Town Attorney Michael Cirullo said the legislature approved an amendment that provided that those features are exempt from “any” other codes, including the Florida Building Code, or any county or municipal code or fee, except for code provisions implementing local, state or federal floodplain management regulations.
“Because the attorney general is the chief legal officer of the state and this is a state statute and any interpretation of that statute would apply statewide, and the attorney general has given two previous interpretations on this statute, I would ask your consent to prepare a request for the attorney general to give an opinion on the issue, which has been presented by members of the public to the council,” Cirullo said. “It does provide an alternative to litigation.”
Vice Mayor Jim Rockett and Councilman Ryan Liang said they would prefer to seek an interpretation.
Liang said he would also like to get a clear answer for all non-residential structures. “I would say move forward with it, and not only that, also specifically mention pens, cages, corrals, gatehouses, aviary cages, anything that we have in Loxahatchee Groves so there is a clear answer, nothing can be interpreted and it’s black and white, so in the future we don’t have any issues,” Liang said.
Cirullo said the amended statute also lists an exemption from any “code,” and Florida appellate courts have distinguished “land development regulations” that govern land development from building and fire “codes.”
Councilman Tom Goltzené said he thought a simpler solution would be to exempt bona fide agriculture from the town’s Uniform Land Development Code. “I think that to ask the attorney general what the definition of ‘any’ is, and whether your ULDCs, if you change the word ‘code’ to ‘regulation, does it just go away” is useless, Goltzené said. “If I change the name of a pig to ‘chicken,’ does it become a chicken? No, it remains a pig. If it’s a code, it’s a code. We called it that for a reason.”

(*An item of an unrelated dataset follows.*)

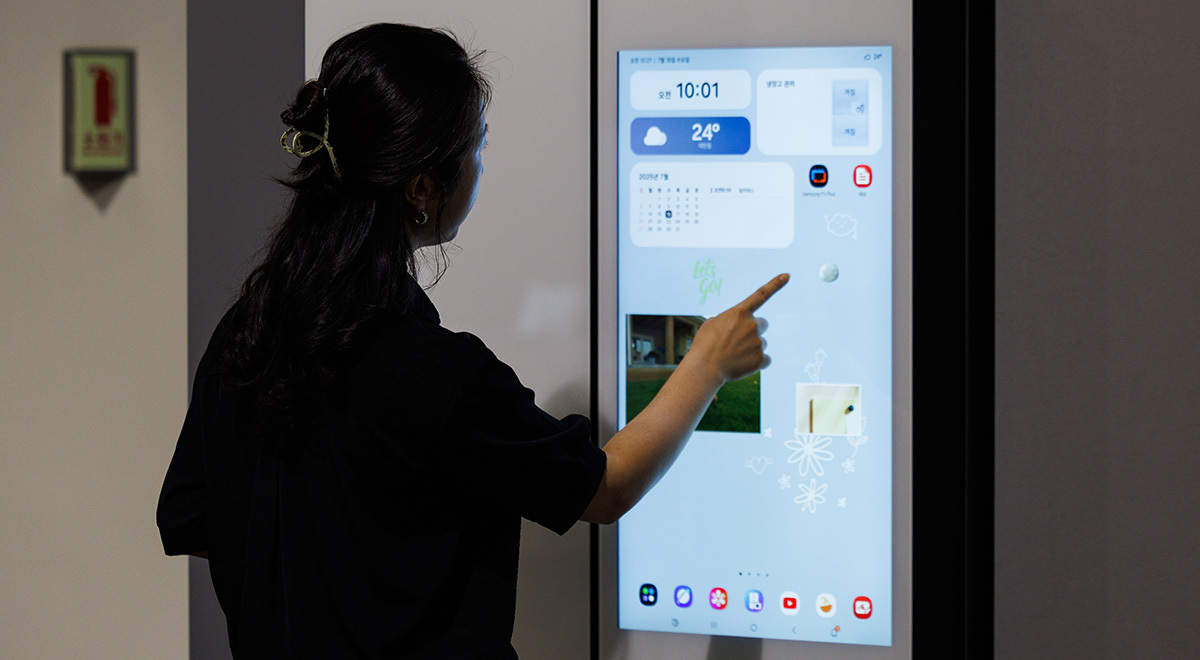 Woman using Samsung smart fridge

Goltzené said he thought the real issue was what the council thinks its relationship to agriculture should be. “If we say it’s exempt from the ULDCs, done deal,” Goltzené said. “If we want to roll the dice and have the attorney general say, ‘any’ means ‘any,’ and we can’t do anything, then that’s what it’s going to be. Personally, I think we ought to just say no, it’s exempt, and that’s how it goes, and then we don’t have to deal with those issues. We have that within our power tonight to do that.”
Councilman Ron Jarriel said he thought there should be setbacks for certain things, such as corrals. “I wouldn’t say let people do anything they want to,” he said. “If you allow them to do anything they want to, it doesn’t matter whether the neighbors care about it or not.”

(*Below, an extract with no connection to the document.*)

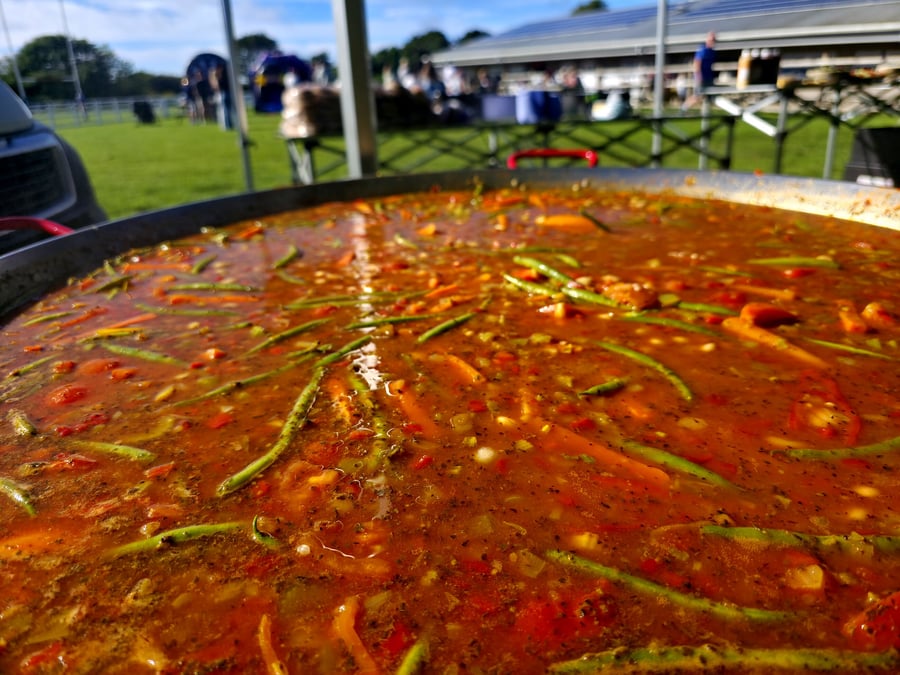A large pan of paella cooking outdoors with vegetables and a vibrant sauce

Goltzené said that under bona fide agriculture, neighbors have up to a year to complain about any aspects of the operation or any changes. “I really have faith that we’re going to get an opinion that’s going to be far-reaching, so if you really want to go there, I’m OK with it, but I think we could make it much simpler,” he said.
Mayor Dave Browning said he thought Loxahatchee Groves is a unique community with its combination of agricultural and residential uses. “It’s a balance of the two, and I agree with Ron [Jarriel], to put corrals or cages right on the fence line against your neighbor, I think those are the things that should be set back,” he said.
A pasture would be different, with horses and other livestock able to come right up to the fence. “I want ag to succeed, but at the same time I want everybody to be good neighbors and do practical things,” Browning said.
Browning said he would have a problem with no regulation on ag uses. “That’s a little scary,” he said. “We have to protect both.”
Cirullo said the original goal of his letter was to get clarification on specific items to the legislative amendments on the enforcement of land development regulations. “I think it’s reasonably viewed by folks as saying, ‘You can’t apply that rule to me because I’m ag,’” Cirullo said, pointing out that the word “code” is not defined. “There’s multiple interpretations.”
Rockett said he would rather ask for an opinion on the specific questions that Cirullo was concerned with than broaden it with multiple questions. “Let’s get as specific an answer to that question, and if we chose to follow up, we can always go that route,” he said.
Resident Howard Voren asked why, with all the agricultural communities in the state, was Loxahatchee Groves the one asking for opinions from the attorney general that might restrict agriculture? “This doesn’t make sense for a community that supposedly is pro-agriculture,” Voren said.
Resident Todd McLendon said he thought that agricultural uses were under attack. “We’re an agricultural community; act like it,” he said. “The problem is that more and more residential people are moving here who don’t have a nickel in agriculture, and those are the people who are complaining against their neighbors.”
Rockett made a motion to compose a letter to the attorney general asking for clarification. It carried 3-2, with Jarriel and Goltzené opposed. Cirullo said he would prepare the letter and present it for council for approval.